Asymptotic Behavior of Helmberg-Kojima-Monteiro (HKM) Paths in Interior-Point Methods for Monotone Semidefinite Linear Complementarity Problems: General Theory

Abstract

An interior-point method (IPM) defines a search direction at each interior point of the feasible region. These search directions form a direction field, which in turn gives rise to a system of ordinary differential equations (ODEs). Thus, it is natural to define the underlying paths of the IPM as the solutions of the system of ODEs. In Sim and Zhao (Math. Program. Ser. A, [2007], to appear), these off-central paths are shown to be well-defined analytic curves and any of their accumulation points is a solution to the given monotone semidefinite linear complementarity problem (SDLCP). Off-central paths for a simple example are also studied in Sim and Zhao (Math. Program. Ser. A, [2007], to appear) and their asymptotic behavior near the solution of the example is analyzed. In this paper, which is an extension of Sim and Zhao (Math. Program. Ser. A, [2007], to appear), we study the asymptotic behavior of the off-central paths for general SDLCPs using the dual HKM direction.

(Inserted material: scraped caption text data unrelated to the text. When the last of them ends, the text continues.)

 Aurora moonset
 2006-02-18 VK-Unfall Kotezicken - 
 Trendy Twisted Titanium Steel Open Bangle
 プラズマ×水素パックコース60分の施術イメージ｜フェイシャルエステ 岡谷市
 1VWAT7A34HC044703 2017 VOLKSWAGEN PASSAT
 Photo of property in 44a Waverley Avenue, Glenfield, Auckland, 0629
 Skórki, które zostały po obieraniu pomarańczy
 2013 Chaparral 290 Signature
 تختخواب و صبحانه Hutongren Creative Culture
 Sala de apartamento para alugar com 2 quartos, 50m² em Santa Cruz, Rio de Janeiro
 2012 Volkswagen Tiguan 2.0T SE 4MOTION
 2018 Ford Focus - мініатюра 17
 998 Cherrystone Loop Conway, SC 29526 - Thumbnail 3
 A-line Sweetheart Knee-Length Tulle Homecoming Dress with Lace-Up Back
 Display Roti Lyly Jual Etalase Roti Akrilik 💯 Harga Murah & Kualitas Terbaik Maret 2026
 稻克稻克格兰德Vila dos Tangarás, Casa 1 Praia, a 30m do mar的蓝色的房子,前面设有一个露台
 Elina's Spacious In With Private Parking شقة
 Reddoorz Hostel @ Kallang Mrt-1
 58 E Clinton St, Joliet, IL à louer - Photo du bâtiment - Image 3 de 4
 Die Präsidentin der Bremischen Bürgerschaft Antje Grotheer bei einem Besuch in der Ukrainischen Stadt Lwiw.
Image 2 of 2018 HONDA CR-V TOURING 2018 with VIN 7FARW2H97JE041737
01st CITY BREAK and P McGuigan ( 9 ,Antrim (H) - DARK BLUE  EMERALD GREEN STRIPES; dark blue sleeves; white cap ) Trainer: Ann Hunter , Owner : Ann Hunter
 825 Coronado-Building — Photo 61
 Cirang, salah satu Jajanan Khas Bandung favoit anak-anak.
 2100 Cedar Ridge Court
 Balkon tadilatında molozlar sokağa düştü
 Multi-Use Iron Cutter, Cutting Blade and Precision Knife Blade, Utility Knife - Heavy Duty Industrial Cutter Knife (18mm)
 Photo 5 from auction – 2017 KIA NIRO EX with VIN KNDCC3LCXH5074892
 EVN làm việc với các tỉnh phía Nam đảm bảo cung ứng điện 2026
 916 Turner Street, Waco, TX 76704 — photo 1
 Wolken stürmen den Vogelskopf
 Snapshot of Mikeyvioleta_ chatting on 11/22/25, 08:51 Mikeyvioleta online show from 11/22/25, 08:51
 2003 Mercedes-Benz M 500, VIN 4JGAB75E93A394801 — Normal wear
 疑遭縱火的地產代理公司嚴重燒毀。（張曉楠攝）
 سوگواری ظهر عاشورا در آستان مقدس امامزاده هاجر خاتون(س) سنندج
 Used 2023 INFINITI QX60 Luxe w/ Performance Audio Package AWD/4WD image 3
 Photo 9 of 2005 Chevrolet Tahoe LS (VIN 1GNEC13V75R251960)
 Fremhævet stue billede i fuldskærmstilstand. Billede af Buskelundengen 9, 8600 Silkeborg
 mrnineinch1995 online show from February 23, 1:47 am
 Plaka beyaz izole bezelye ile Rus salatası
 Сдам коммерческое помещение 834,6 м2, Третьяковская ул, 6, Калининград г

We give a necessary and sufficient condition for when an off-central path is analytic as a function of \(\sqrt{\mu}\) at a solution of the SDLCP. Then, we show that, if the given SDLCP has a unique solution, the first derivative of its off-central path, as a function of \(\sqrt{\mu}\) , is bounded. We work under the assumption that the given SDLCP satisfies the strict complementarity condition.